News Update – Supreme Court, Aaron Hernandez and more
Let’s be clear, the Supreme Court of the United States is still led by conservatives. The Supreme Court struck down the Defense of Marriage Act. The Supreme Court also struck down California’s Proposition 8. Basically, the Supreme Court upheld a lower court’s decision. Let’s be clear. The Supreme Court did not step out on a limb and boldly go where no man has gone before. As a matter fact, they wimped out. The Supreme Court had an opportunity to tell gay and lesbian Americans that they had the exact same rights as any and all other Americans – to marry anyone whom they love. That is not what the Supreme Court did. Instead, the Supreme Court made what in my opinion was a very narrow ruling. The question still remains about whether gay marriage is legal throughout the land and the answer has to be no. If you happen to live in the correct state, gay marriage is okay in that state. I’m sorry, but I understand that there are lots of people who are very happy, but I continue to be disappointed by the closed-minded cowardice of what is supposed to be the greatest court in the land.
Wendy Davis is awesome!!!
Yesterday, I talked about the New England Patriots tight end, Aaron Hernandez. Today, Mr. Hernandez was arrested and charged with first-degree murder. 90 minutes after his arraignment, the New England Patriots released Aaron Hernandez. He is on his own.
I would like to point everyone to Linda Greenhouse’s article in the New York Times. In my opinion, Linda Greenhouse was the best legal reporter in the country when she retired couple years ago. The article:
“While any racial discrimination in voting is too much,” Chief Justice John G. Roberts, Jr. told us in Tuesday’s decision gutting the Voting Rights Act, “Congress must ensure that the legislation it passes to remedy that problem speaks to current conditions.”

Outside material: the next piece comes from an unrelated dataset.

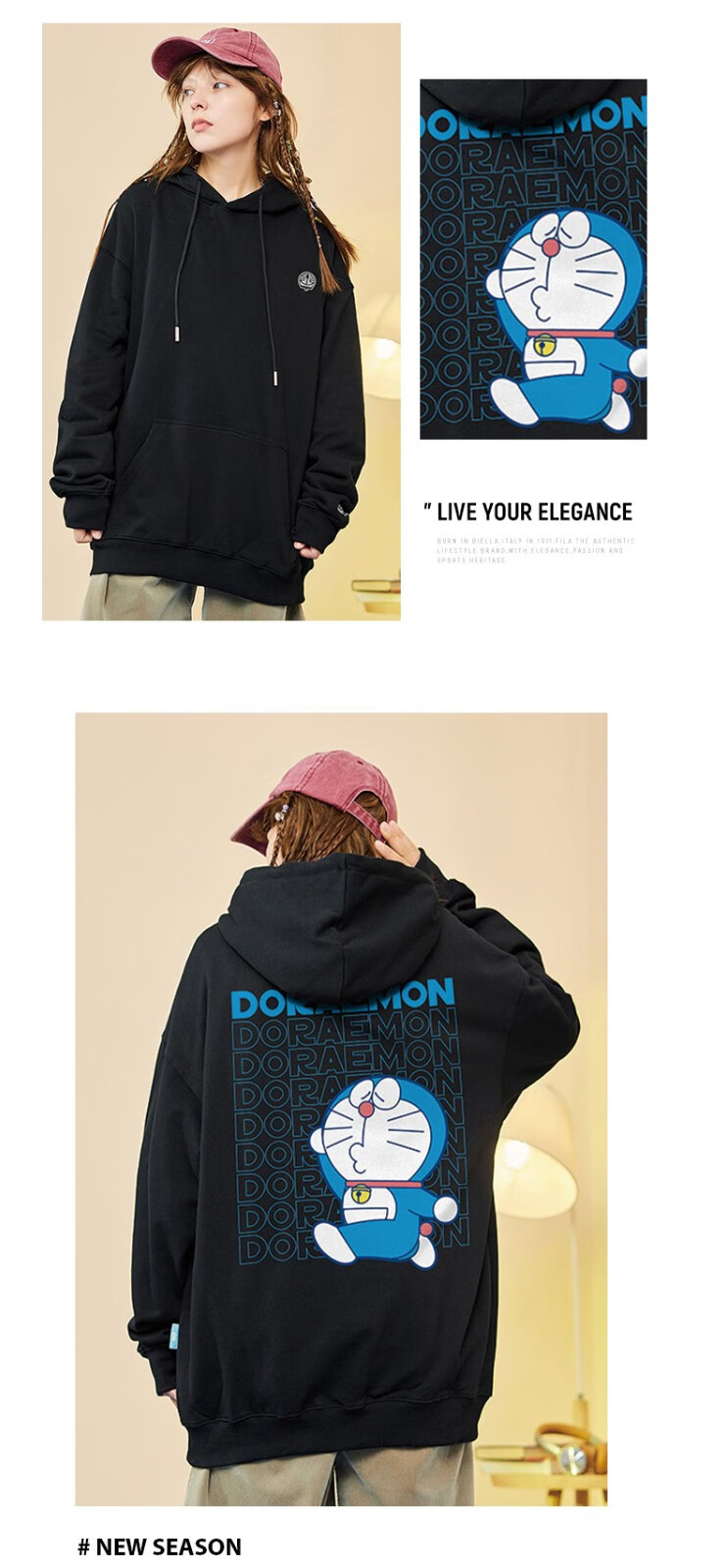 doraemon) 学院风满印休闲连帽卫衣 男女同款 粉红 s【图片 价格 品牌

Well, here’s a current condition: the ink was barely dry on the Supreme Court’s decision in Shelby County v. Holder when Attorney General Greg Abbott of Texas announced that his state’s voter-ID law, blocked by a federal court last summer, “will take effect immediately.”
The Texas statute has the most stringent requirements of any voter-ID law in the country. The three-judge federal panel, pointing out in a 56-page opinion the several less onerous versions that the Legislature had rejected, found that the state had failed to meet its burden under Section 5 of the Voting Rights Act to show that the law wouldn’t have the effect of suppressing the minority vote.
With his precipitous in-your-face move, the Texas attorney general may be doing us a favor, making clear that the court’s decision has real and immediate consequences. Welcome to the Roberts court’s brave new post-Voting Rights Act world.
Roger Federer gets bounced out of the second round of Wimbledon. Maria Sharapova is also out.